====== DATASET EXCERPTS

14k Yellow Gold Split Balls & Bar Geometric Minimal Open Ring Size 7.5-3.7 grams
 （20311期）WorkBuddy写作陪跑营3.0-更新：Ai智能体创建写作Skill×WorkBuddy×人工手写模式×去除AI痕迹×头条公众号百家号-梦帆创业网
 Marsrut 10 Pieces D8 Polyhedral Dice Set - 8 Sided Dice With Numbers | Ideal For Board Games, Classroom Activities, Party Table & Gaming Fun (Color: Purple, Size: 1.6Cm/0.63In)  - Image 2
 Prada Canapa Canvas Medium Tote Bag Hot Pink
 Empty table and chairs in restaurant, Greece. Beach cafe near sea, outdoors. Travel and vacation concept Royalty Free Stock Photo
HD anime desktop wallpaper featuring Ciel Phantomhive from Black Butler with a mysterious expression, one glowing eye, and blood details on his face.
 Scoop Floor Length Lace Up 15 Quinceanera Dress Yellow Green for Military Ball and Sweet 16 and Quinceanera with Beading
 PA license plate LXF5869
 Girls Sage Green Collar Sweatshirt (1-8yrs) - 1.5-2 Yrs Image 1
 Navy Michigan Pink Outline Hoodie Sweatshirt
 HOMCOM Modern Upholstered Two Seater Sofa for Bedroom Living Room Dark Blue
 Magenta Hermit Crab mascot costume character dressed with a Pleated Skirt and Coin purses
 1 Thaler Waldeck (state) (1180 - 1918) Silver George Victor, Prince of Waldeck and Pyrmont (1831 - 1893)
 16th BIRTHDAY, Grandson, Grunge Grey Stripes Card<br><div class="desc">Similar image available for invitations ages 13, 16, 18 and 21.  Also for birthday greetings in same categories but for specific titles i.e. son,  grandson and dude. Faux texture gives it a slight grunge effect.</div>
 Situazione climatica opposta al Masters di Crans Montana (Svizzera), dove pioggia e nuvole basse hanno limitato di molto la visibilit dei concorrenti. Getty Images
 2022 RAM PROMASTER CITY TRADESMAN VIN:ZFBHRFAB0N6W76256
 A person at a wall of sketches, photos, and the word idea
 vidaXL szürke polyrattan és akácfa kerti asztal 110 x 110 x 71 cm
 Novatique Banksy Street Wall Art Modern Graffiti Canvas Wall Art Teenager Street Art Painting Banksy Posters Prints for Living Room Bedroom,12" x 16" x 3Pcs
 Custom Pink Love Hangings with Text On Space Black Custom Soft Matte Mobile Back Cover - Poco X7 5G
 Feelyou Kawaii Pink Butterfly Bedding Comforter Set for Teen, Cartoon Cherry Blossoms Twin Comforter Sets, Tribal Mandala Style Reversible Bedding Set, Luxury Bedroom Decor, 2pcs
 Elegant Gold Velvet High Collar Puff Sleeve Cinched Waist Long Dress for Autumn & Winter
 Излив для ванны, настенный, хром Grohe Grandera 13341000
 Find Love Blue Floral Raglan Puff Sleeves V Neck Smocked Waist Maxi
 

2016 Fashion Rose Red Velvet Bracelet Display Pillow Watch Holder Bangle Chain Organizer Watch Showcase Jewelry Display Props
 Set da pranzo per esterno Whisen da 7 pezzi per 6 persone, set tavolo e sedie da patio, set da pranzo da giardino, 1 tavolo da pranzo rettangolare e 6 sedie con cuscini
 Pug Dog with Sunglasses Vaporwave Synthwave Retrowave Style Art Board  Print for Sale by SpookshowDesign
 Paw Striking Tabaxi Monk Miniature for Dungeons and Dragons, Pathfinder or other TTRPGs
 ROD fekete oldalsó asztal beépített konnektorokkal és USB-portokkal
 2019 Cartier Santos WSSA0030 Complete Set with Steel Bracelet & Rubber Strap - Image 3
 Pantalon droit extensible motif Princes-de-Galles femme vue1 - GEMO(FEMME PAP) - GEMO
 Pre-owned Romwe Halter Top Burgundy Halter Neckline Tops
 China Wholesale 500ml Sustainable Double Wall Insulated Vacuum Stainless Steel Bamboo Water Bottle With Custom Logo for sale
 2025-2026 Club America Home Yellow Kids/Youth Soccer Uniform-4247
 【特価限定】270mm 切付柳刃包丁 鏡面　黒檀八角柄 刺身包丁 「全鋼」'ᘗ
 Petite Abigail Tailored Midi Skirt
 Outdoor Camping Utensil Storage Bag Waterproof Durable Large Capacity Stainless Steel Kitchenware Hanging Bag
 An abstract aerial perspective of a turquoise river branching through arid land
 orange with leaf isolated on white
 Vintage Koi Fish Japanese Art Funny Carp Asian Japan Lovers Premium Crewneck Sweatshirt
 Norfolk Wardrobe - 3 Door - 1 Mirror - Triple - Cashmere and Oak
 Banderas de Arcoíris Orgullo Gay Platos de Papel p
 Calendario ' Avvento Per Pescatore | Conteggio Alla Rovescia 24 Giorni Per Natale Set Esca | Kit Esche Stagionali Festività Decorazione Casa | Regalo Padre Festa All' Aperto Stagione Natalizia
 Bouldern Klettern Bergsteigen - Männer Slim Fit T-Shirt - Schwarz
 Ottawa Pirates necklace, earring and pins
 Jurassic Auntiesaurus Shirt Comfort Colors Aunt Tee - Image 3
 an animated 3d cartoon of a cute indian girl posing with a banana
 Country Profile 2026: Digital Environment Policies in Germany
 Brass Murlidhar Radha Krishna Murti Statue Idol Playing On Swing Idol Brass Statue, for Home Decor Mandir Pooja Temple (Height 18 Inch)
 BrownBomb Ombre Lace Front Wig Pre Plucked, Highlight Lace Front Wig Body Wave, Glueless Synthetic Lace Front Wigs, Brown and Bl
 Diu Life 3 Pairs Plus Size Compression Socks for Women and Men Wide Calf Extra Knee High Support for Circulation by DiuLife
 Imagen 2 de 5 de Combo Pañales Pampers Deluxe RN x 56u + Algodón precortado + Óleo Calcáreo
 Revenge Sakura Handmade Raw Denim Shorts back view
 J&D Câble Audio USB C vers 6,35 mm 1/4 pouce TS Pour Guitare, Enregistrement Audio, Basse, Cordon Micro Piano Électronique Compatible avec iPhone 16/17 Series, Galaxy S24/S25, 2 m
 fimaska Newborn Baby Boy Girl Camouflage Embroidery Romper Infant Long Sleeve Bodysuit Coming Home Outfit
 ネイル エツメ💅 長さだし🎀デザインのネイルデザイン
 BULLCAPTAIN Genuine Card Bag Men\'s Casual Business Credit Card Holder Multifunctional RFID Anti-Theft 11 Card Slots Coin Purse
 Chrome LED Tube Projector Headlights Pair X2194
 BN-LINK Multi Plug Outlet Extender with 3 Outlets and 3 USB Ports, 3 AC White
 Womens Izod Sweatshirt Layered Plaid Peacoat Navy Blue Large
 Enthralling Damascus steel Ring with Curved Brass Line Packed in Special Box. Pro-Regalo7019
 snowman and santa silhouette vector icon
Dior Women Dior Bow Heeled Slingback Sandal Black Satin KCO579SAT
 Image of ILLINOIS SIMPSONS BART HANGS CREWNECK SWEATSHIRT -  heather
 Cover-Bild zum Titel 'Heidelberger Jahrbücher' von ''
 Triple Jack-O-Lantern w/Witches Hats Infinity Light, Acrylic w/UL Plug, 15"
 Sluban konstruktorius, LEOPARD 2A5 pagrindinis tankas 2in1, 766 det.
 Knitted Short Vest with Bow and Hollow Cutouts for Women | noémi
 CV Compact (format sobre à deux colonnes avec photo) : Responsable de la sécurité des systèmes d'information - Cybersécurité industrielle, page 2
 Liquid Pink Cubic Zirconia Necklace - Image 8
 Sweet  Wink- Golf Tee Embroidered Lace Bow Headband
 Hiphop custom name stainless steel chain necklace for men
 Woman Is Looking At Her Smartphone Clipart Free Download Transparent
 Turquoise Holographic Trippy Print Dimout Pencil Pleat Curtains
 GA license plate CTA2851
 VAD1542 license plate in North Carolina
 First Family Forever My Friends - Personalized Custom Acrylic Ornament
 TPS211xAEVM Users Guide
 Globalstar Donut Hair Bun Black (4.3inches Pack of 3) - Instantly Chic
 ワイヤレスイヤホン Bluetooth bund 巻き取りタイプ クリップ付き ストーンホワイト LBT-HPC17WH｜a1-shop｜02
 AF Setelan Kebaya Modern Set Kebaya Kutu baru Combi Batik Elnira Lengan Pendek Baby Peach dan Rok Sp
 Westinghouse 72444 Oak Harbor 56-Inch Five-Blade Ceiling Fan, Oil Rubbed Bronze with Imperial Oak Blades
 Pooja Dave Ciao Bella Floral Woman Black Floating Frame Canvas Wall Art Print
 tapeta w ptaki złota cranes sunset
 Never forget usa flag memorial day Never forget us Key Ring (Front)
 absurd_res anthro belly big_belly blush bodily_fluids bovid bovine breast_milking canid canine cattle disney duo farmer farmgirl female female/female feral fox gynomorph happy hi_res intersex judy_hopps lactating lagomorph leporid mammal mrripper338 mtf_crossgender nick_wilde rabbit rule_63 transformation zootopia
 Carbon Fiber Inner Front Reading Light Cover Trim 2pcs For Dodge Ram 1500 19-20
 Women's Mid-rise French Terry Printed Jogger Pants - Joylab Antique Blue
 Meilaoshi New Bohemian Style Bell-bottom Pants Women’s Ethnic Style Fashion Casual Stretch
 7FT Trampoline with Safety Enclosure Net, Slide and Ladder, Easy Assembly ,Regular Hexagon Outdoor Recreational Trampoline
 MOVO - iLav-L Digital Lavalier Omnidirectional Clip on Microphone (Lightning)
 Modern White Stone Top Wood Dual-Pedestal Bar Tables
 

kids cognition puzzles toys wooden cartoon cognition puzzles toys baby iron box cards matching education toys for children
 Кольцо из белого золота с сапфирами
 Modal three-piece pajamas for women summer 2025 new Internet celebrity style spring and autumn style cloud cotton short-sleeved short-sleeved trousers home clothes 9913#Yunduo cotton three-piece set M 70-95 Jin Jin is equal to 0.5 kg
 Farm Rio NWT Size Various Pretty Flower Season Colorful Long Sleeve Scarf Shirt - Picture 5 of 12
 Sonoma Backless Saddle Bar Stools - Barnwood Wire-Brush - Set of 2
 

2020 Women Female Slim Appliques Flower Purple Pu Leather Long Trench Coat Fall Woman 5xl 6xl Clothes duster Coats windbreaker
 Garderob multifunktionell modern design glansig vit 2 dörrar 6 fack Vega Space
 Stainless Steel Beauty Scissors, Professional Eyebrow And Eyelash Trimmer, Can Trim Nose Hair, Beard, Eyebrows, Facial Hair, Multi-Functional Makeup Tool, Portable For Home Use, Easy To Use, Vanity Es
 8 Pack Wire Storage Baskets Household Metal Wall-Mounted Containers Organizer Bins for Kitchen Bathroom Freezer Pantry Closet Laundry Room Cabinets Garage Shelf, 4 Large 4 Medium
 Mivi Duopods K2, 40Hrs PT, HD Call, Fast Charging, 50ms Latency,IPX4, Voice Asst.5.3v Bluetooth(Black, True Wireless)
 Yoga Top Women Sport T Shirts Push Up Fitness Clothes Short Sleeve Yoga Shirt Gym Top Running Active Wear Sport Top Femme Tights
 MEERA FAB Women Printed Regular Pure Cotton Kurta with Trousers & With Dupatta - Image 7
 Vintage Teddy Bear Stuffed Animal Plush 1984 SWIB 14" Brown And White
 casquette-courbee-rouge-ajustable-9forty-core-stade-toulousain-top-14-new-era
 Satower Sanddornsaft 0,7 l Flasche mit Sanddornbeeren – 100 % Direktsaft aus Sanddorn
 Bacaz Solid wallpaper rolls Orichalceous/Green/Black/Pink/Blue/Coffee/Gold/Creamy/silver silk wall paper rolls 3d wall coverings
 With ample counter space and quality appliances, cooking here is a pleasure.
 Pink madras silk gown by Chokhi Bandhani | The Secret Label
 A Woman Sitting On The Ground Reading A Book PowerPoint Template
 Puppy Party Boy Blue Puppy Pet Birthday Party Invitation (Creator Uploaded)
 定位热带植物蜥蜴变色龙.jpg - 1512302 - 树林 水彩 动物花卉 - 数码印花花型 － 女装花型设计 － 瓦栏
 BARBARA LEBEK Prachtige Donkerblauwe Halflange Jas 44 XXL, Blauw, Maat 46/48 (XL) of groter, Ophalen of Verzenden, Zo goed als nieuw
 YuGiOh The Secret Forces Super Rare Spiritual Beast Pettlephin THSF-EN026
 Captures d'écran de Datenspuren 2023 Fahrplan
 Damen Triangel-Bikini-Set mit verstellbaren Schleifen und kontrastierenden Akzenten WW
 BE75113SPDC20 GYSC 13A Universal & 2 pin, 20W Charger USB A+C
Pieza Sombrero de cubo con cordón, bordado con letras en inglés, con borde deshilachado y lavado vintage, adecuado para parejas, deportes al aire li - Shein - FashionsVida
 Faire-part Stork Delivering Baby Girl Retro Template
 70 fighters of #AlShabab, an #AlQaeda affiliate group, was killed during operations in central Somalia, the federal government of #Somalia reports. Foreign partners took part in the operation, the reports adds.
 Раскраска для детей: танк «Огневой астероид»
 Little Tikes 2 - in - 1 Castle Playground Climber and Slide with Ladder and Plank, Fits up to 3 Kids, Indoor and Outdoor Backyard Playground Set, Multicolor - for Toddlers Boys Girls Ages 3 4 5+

============

-- WORK REQUIRED --
Lines with "Pink": find them in the data and copy each one.

-- TASK OUTPUT --
 Prada Canapa Canvas Medium Tote Bag Hot Pink
 Navy Michigan Pink Outline Hoodie Sweatshirt
 Custom Pink Love Hangings with Text On Space Black Custom Soft Matte Mobile Back Cover - Poco X7 5G
 Feelyou Kawaii Pink Butterfly Bedding Comforter Set for Teen, Cartoon Cherry Blossoms Twin Comforter Sets, Tribal Mandala Style Reversible Bedding Set, Luxury Bedroom Decor, 2pcs
 Liquid Pink Cubic Zirconia Necklace - Image 8
 Bacaz Solid wallpaper rolls Orichalceous/Green/Black/Pink/Blue/Coffee/Gold/Creamy/silver silk wall paper rolls 3d wall coverings
 Pink madras silk gown by Chokhi Bandhani | The Secret Label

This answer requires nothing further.